I was talking to my daughter and giving her some tips and tricks for writing an essay. As I told her, you should start with the bones of the project – an outline – and hang flesh and skin on it. Don’t forget the skin, or it’ll look really gross. When I am blogging I don’t do all that. Actually, when I’m writing a paper I don’t do that – at least not on paper anymore. It usually happens in my head first, and then I can just write it down as it ought to be, with perhaps some tweaking for impact and better structure. Blogging? Well, that’s rarely in proper essay form, it just sort of falls out of my head onto the screen. Which is about as gross as that metaphor about putting the skin on.
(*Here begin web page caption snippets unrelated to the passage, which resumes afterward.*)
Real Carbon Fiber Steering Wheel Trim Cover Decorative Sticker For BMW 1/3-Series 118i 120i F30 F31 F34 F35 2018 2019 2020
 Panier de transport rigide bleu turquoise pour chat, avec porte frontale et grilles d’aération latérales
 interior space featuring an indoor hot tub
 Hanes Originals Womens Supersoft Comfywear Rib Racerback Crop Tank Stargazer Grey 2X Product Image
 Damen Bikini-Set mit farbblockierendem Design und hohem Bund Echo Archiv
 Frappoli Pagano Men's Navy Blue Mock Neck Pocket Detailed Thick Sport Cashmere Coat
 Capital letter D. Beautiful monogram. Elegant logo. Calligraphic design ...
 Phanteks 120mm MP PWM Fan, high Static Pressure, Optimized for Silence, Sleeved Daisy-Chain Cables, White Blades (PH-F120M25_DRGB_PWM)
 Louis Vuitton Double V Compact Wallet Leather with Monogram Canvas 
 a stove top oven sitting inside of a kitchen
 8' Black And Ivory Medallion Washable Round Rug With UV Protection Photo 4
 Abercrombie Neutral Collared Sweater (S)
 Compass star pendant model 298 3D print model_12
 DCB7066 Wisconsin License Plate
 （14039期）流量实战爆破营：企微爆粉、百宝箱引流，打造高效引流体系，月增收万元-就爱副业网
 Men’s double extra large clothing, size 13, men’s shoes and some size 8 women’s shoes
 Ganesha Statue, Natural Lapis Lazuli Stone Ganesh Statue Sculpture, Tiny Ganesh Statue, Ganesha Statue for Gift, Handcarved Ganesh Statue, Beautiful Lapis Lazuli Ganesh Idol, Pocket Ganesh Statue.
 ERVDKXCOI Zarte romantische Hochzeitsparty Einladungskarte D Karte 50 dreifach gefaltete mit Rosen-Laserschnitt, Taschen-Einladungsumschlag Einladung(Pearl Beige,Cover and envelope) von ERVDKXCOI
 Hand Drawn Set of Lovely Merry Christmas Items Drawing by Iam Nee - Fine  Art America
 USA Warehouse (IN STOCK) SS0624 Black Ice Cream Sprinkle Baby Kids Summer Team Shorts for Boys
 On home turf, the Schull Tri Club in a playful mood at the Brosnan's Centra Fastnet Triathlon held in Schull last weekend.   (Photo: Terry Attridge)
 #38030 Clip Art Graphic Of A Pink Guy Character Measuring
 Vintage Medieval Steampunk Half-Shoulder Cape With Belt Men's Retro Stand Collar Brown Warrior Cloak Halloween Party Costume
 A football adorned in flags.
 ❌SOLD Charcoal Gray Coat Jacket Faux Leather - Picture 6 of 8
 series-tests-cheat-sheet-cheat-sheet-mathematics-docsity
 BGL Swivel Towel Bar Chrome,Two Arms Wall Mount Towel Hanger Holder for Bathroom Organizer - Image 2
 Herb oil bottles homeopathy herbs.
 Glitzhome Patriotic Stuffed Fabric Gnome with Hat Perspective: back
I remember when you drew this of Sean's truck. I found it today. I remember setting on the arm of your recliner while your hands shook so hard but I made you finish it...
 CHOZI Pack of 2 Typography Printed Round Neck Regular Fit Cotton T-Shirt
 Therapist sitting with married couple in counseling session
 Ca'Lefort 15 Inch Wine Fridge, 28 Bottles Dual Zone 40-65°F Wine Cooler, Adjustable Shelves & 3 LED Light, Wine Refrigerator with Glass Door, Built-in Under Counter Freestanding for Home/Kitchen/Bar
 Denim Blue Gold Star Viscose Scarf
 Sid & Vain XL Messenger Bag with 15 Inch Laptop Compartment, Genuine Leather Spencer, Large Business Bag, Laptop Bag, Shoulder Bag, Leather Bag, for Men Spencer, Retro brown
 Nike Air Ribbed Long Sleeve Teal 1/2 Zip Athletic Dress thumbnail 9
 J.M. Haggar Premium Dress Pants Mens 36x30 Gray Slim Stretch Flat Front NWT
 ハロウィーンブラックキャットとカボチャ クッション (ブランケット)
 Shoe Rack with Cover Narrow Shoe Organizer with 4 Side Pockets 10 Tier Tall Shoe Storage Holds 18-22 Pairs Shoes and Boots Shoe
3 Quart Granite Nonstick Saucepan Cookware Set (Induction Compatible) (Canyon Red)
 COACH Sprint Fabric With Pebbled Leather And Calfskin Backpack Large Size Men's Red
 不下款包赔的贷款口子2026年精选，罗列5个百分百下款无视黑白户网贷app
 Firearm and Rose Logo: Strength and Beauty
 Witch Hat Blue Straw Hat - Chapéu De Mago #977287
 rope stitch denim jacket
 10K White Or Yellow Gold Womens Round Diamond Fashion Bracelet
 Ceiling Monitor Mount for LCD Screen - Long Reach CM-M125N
But writing an essay off the top of your head requires practice. Keeping the blog has been good practice for me, and although it might not be right for everyone, making yourself write often is a good thing. I know it’s hard to do. It’s really hard to come up with ideas, and I can’t tell you how often I’ve stared at the screen trying to come up with something my readers will actually enjoy reading about. I don’t want to write about myself all the time. I’m not all that interesting, and I certainly don’t think I’m the center of the universe! But I can use personal anecdotes as springboards into something that might be interesting, and I do that a lot.

For a while I was participating in a challenge, where we got a weekly random challenge assigned, and had to write fiction, poetry, or nonfiction to meet the challenge. This was a whole lot of fun, and I had a blast with it. In some ways school is like that, I get an assignment and have to meet that challenge. For my daughter, it’s still hard work and not much fun. I’m hoping my silly idea about the bones helps her. The other idea I gave her, of reading it backwards to catch typos and errors, is something I’ve told classmates in college. It forces your brain to slow down and really process what you are seeing. The brain is an amazing thing, it will fill in and correct typos without being told, especially if you have looked at that piece of writing many times.

Finally, check to make sure you have your pieces in all the right places. It can be easy to see if the opening and the conclusion are in the right place, like the headless horseman holding his head at his side, but making sure the points inside the essay are ranked in order of importance is good, too. Usually, you will want to decide how you’re going to organize it; most important to least important, chronologically, or? In the essay she is writing about rocketry, chronological might be most important, from the birth of rockets (in the 1930s, yes, that far back, dear) to the Space X program now. Are you going to put in something about what might come in the future? That would be a great way to open your final paragraph and conclusion.

Good luck with your essay, Redhead. I look forward to reading it!